Activity 5k: Cost vs demand inflation
- Demand inflation occurs when the growth in AD exceeds the capacity of the economy to supply sufficient goods and services (i.e. maximum aggregate supply/productive capacity) to meet that demand. As shown in the diagram to the left, demand inflation increasingly occurs when AD increases beyond AD, where capacity constraints become more and evident as AD approaches the red line (productive capacity). In contrast, cost inflation occurs when there is an increase in the costs of production across the economy (e.g. growth in the costs of labour) which causes producers to raise prices (in order to protect profit margins). The is evidenced by the AS curve in the second diagram shifting to the left and causing higher equilibrium prices in the economy.
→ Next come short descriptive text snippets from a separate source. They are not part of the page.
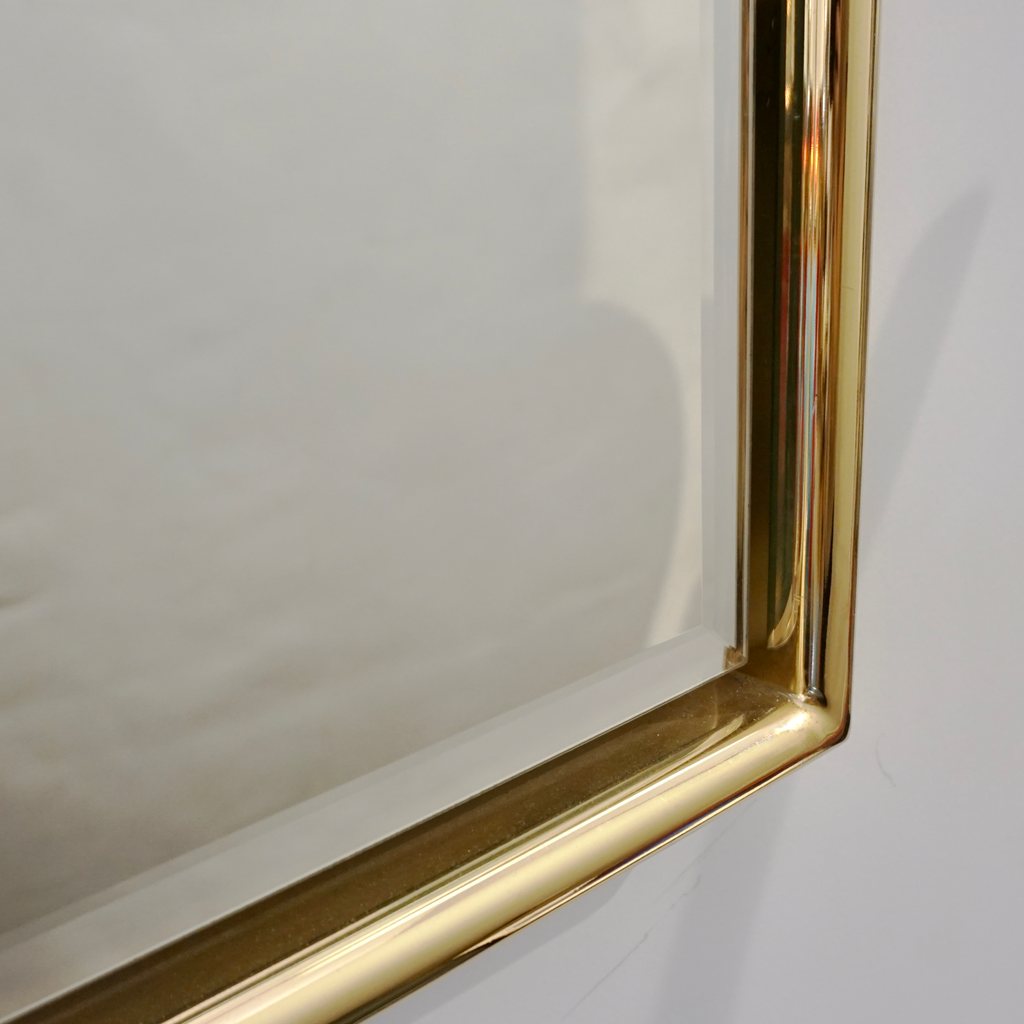 1960s Italian Minimalist Brass Floating Mirror with Round Arched Top Frame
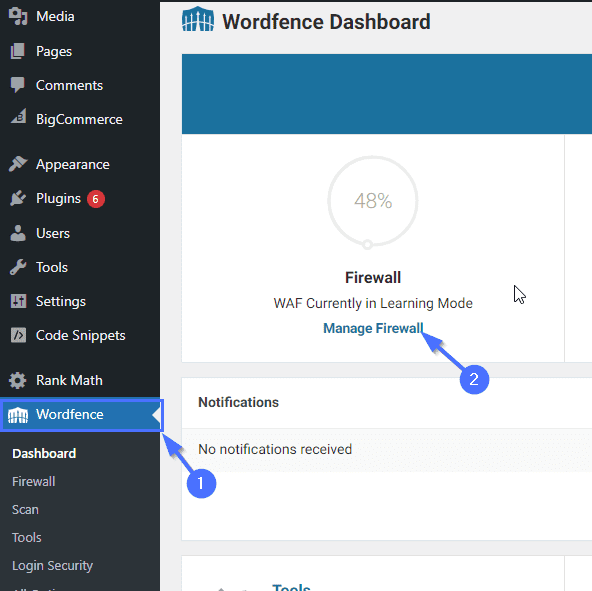 Wordfence ダッシュボード - WordPress DDoS 攻撃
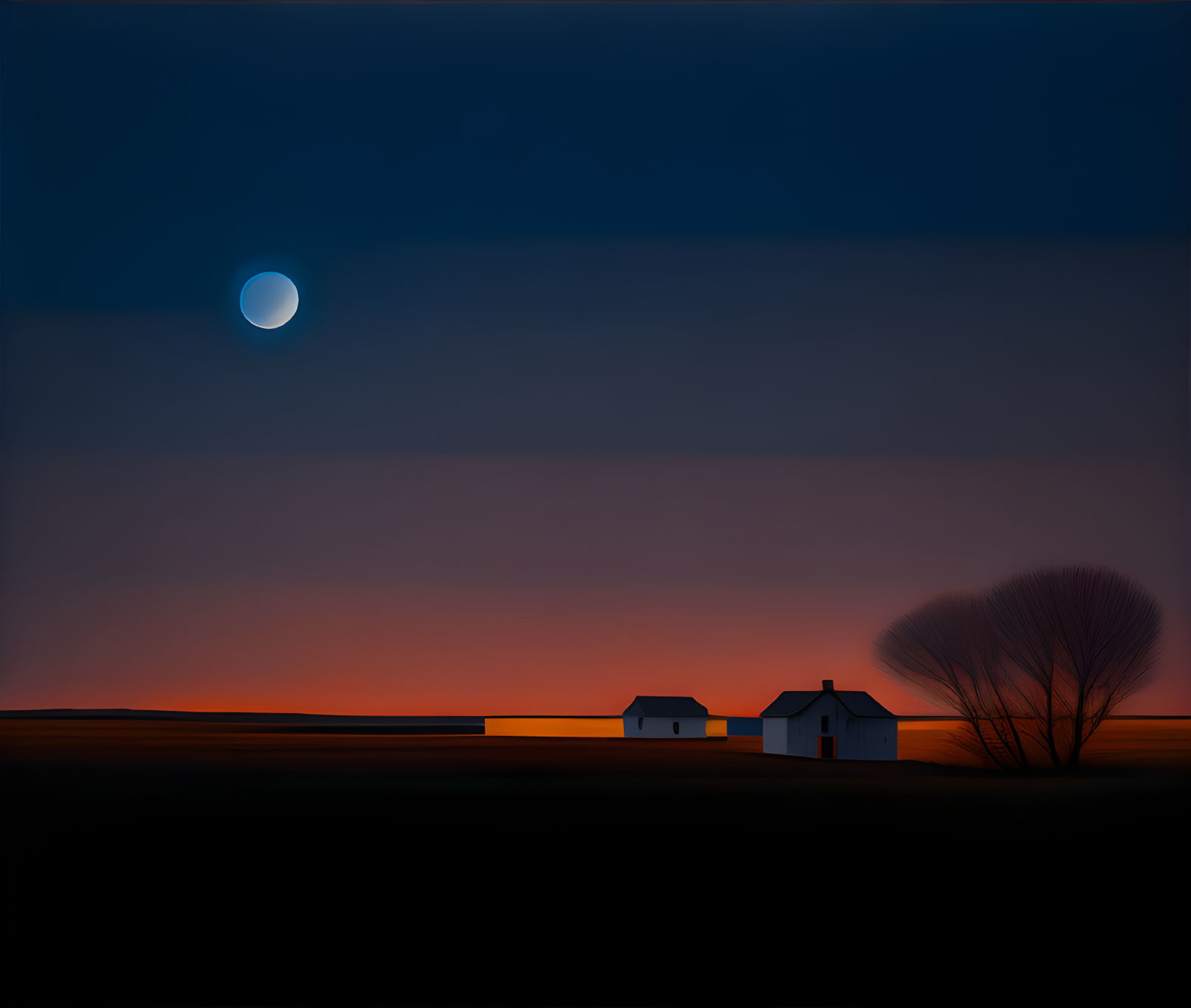 Tranquil twilight landscape with orange horizon, silhouetted tree, buildings, and crescent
- This is because when AD increases from AD2 to AD3 it exerts more pressure on productive resources given that the economy is already producing at close to its productive capacity. Faced by shortages/tighteness in product and factor markets that make it difficult for firms to meet the demand for their goods and services, firms raise prices and inflation is the result. In contrast, when AD increases from low levels (e.g. AD0 to AD1) there is lots of spare capacity in the economy meaning that it will be easy to for firms to increase output in response to higher demand. As a consequence, there will be minimal impact on prices.
- As AD increases beyond AD3 the outcome will be much higher prices accompanied by smaller and smaller increases in output (real GDP). Once AD increases beyond *1, then inflation is the only variable to increase given that the economy has reached its productive capacity and is unable to expand output beyond *1. The common solution used by Australian authorities when faced by demand inflation is to implement contractionary/restrictive budgetary and monetary policies. This will involve the government reducing the size of its budget deficit (or increase the size of its budget surplus) and/or the RBA tightening monetary policy by raising interest rates. Both of these policy actions are designed to restrain the growth in AD and reduce the demand inflationary pressures. [Alternatively, the government could implement policies that are designed to boost the nation’s productive capacity over the medium to longer term, such as aggregate supply policies that ultimately boost productivity/efficiency and raise productive potential.]
- The decline in consumer sentiment over 2016-17 is a factor that is reducing consumption demand as consumers become more cautious about the state of the economy and/or the state of their finances more generally. In addition, the higher value of the AUD over 2017 is having a negative impact on net export demand (X-M) because our goods and services become less price attractive to foreigners (and imports become more attractive to local businesses and consumers). Both of these factors reduce AD in the economy and therefore decrease demand inflationary pressures.